Sir Antony Gormley is a name that needs no introduction. His sculptures are found across the world, from gallery exhibitions, to private collections, to the public sphere itself. Most notably in our immediate locale is the Angel of the North (1998), and the recently installed Clasp (2018)- situated between the Northern Stage and Student Union- which, in classic Gormley style, occupies space and finds itself in dialogue with the individuals around it, rather than simply dominating them.
On 21st November, the celebrated artist spoke to a packed-out lecture theatre, narrating the journey through his body of work, which lead up to the sculpture now found on our campus. A sculpture which has caused some controversy- with some students demanding its removal.
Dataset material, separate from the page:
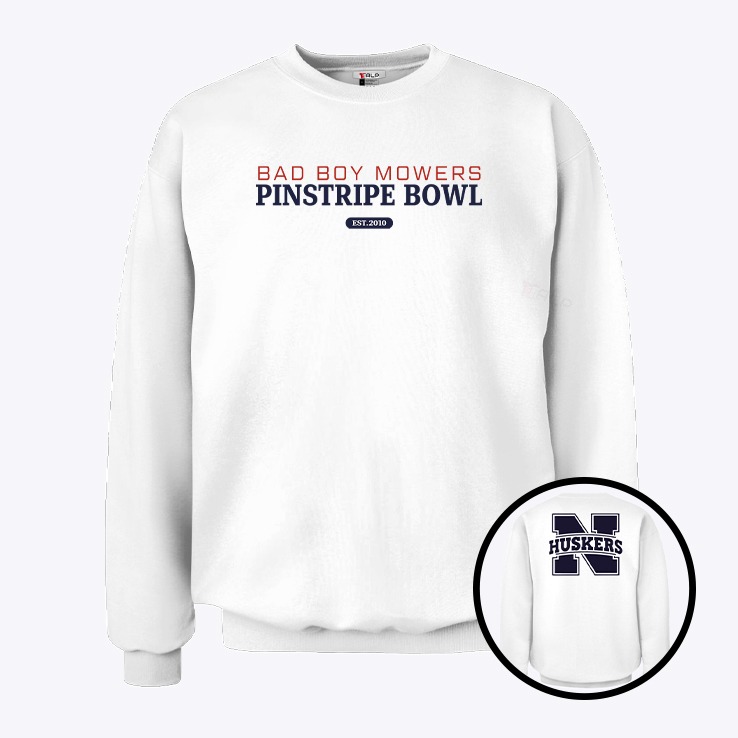 Nebraska Cornhuskers Football Bad Boy Mowers Pinstripe Bowl Est 2010 Sweatshirt Nebraska Cornhuskers Football Bad Boy Mowers Pinstripe Bowl Est 2010 Sweatshirt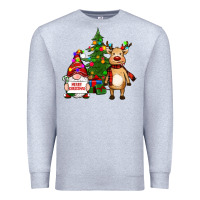 Heather Grey merry christmas gnomes, reindeer Premium Sweatshirt - RanaPortraitStore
To this, Gormley replied, “I don’t know if it’s good or strictly speaking necessary… but then again, what is?”
The artist explained the choice to place the piece in the centre of one of the main university pathways was to have the two embracing figures invite deconstruction, in the middle of the stream of human life which flows around them day and night. “Culture is not real culture, unless it is shared,” explained Sir Antony. The piece has notably evolved with the elements, with the grey iron turning to a rusty orange over the past few months. An apt choice perhaps, given the evolutionary and transformative nature of the university experience.
Sir Antony felt that the brooding, silent and resistant images of sculpture offered something which images are unable to
Speaking about his medium of choice Sir Antony felt that the brooding, silent and resistant images of sculpture offered something which images are unable to. In regards to his personal canon of work, the artist highlighted how even from some of his earliest work such as Chromosome (1984), he posed the question over what it is to be human. Over time, Gormley has continued to explore the meaning of humanity in relation to environments (such as the Sculpture for Derry Walls, infamously attacked and damaged upon its installation at the height of the Troubles) and in relation to other human beings alike.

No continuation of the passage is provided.